Wir können dabei ganz wahrhaft sein, aber es folgt durchaus nicht, dass wir auch wahr und zuverlässig sind.
***
Bei den Texten handelt es sich teilweise um eigene Erinnerungen oder Erlebnisse. Ich bemühte mich und fügte meinen Wahrnehmungen eine große Portion Fantasie hinzu. So entstanden Geschichten, von denen viele Details frei erfunden sind.
Aus dem Leben meines Großvaters
Im Familien- und Verwandtenkreis wurde die Story, die inzwischen über einhundert Jahre zurückliegt, von Generation zu Generation mündlich weitergegeben. Als Kind kannte ich sie vom Hörensagen. Jedes Mal war ich aufs Neue beeindruckt, wenn die Erwachsenen sie erzählten.
Pauls Wissbegierde und Neugier und sein stark ausgeprägter Ehrgeiz hatten ihn von Kindheit an zu außergewöhnlichem Tun angeregt, das seinesgleichen suchte. Etwas Schuld daran trugen seine Eltern, überaus arme, aber ehrbare Leute, die immer versuchten, mit ihren bescheidenen Mitteln jedes ihrer acht Kinder bestmöglich zu fördern.
Bereits vor seiner Einschulung 1898 konnte Paul lesen und schreiben, weil er ständig seine Nase in die Schulhefte der älteren Geschwister steckte und sie mit Fragen überhäufte. Ein bisschen wurmte es ihn, dass er der Jüngste war und die anderen ihn „Kleiner“ nannten. Dabei war er von kräftiger Statur und für sein Alter keineswegs klein.
In der Schule fiel er durch seine Zielstrebigkeit auf. Zweimal durfte er aufgrund seines Wissens und seiner schnellen Auffassungsgabe eine Schulklasse überspringen. Rein äußerlich fiel er nicht unter seinen älteren Mitschülern auf. Dass sie zu ihm aufschauten, war ihm gar nicht recht. Vom Wesen her war er bescheiden und zurückhaltend.
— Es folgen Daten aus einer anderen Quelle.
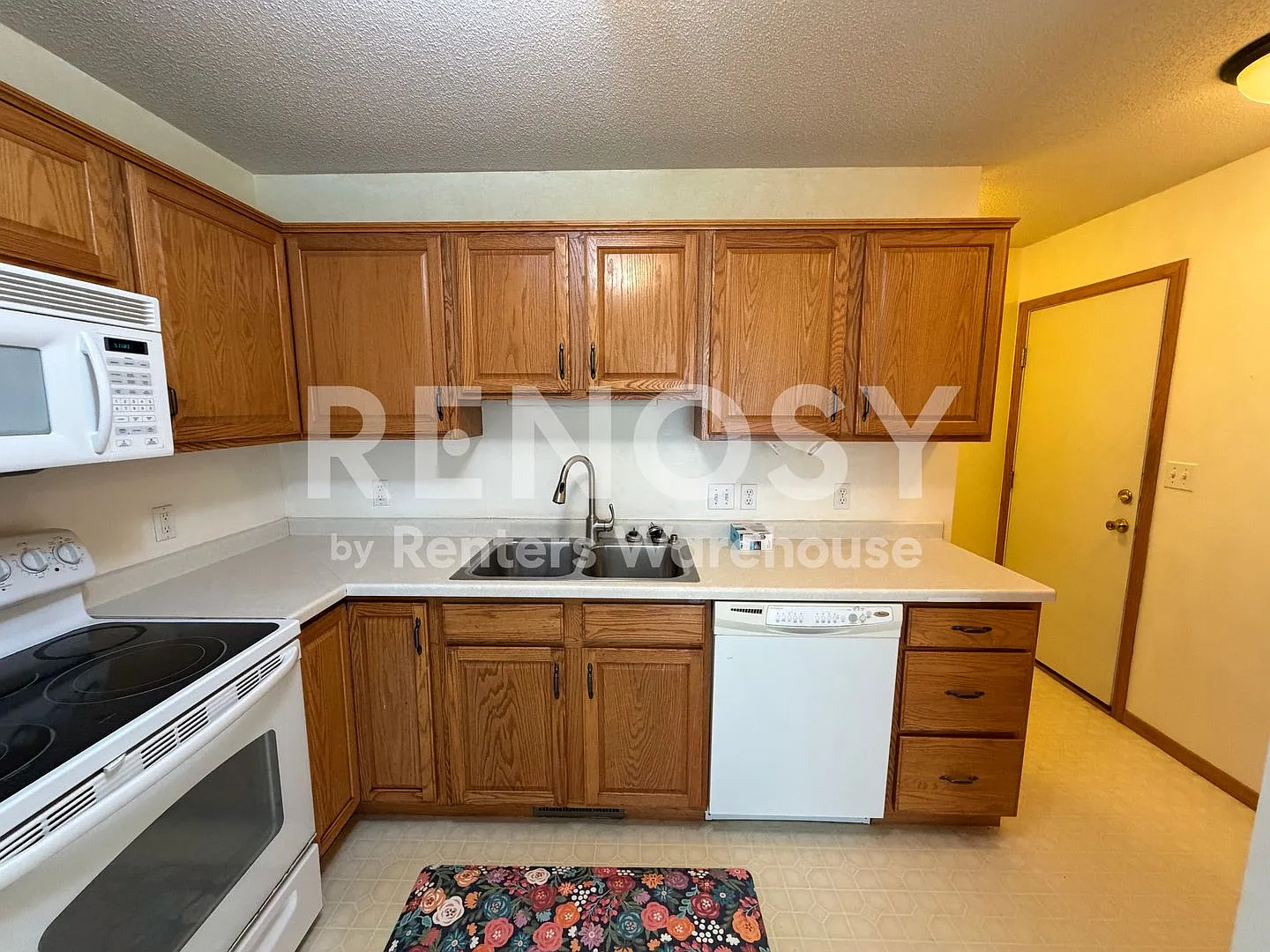 Available Now! Spacious 3 Bedroom Home with Large Backyard & Family Room | 3325 7th St NW, Roches... — Photo 3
Paul wusste, dass der Pflichtbesuch in den Volksschulen der Umgebung nach der sechsten Klasse endete.
Die Schulzeit im Heimatort währte jedoch versuchsweise acht Jahre. Aber was hatte ihm das Überspringen der Klassen genutzt? Nichts, rein gar nichts! Es bedeutete, dass er in der letzten Klasse, der achten, drei Jahre absitzen musste, bis er vierzehn war. Eher war seine Schulentlassung nicht möglich.
Nach dem Unterricht half Paul der Mutter, wo er nur konnte und immer noch etwas mehr, als sie von ihm erwartete oder verlangte. Bis in die späten Abende hinein war er mit irgendeiner Arbeit beschäftigt, um mitzuhelfen, dass die Familie über die Runden kam. Zusätzlich half er an einigen Wochentagen dem Pfarrer der Gemeinde, seinen großen Garten in Schuss zu halten.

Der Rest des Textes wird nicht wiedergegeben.